I was speaking with a colleague in church leadership yesterday in a wide-ranging discussion about where are hearts are these day (one of the reasons I do love my church community). We were speaking about the death of her dog, and what a big impact it had on she and her husband. And that led to parenting humans, and her saying that she was always unsure on whether she would be a good parent.

I told her she would and that she had all the qualities to be a great parent, because there are no skills to being a parent. The only thing you need is the ability to be in love. Because it’s not enough to love.

You can love chicken vermicelli at the local Vietnamese place. You can love Wes Anderson movies. You can love your niece. But parenting is about being “in love,” about the stretch and intensity and depth of feeling and concern that we often place on a romantic relationship.

Like those romantic relationships, being in love with your kids doesn’t mean you are blind to them; it’s the contrary. You see them very clearly. The good and the bad. The naive parts and the broken places. It also means that it can be hard to hold them accountable to what you see and what you believe.

The intimacy of being in love with your kids is easier when they’re young, when you loom so large in their world and they large in yours. As they get bigger, it gets harder. They develop alternate networks of approval and support, some of which may not align with your values and experiences. They yearn to strike out on their own—or just to strike out.

And that’s when you need to soften. Even then, you need to stay in love with them. Because they are not done growing, and you are not done parenting.
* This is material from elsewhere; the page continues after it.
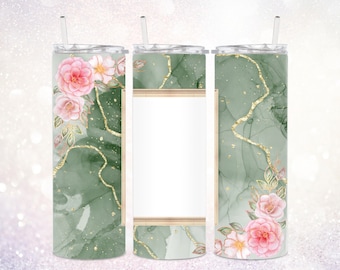Green Marble Photo 20 oz Tumbler Wrap PNG ~ Add Your Own Photo or Text ~ Skinny Sublimate Art ~ Personalized Pink Floral Tumbler Wrap PNG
This can be your final act of parenting: the last exhilarating fling before moving on to another way of relating, where you merely love them. Because at this point, if things are not going great, you start looking at the exit door, thinking this is when you can step away and they’ll figure it out.

Except they might not. And what’s needed from you now isn’t a listen-to-me or I-told-you-so. What’s needed is a who-are-you, it’s a tell-me-your-story-again. What’s needed is someone who can tell them what’s different about their story today compared to a year or a decade ago. What’s needed is that they know someone is paying attention. Someone in love with them.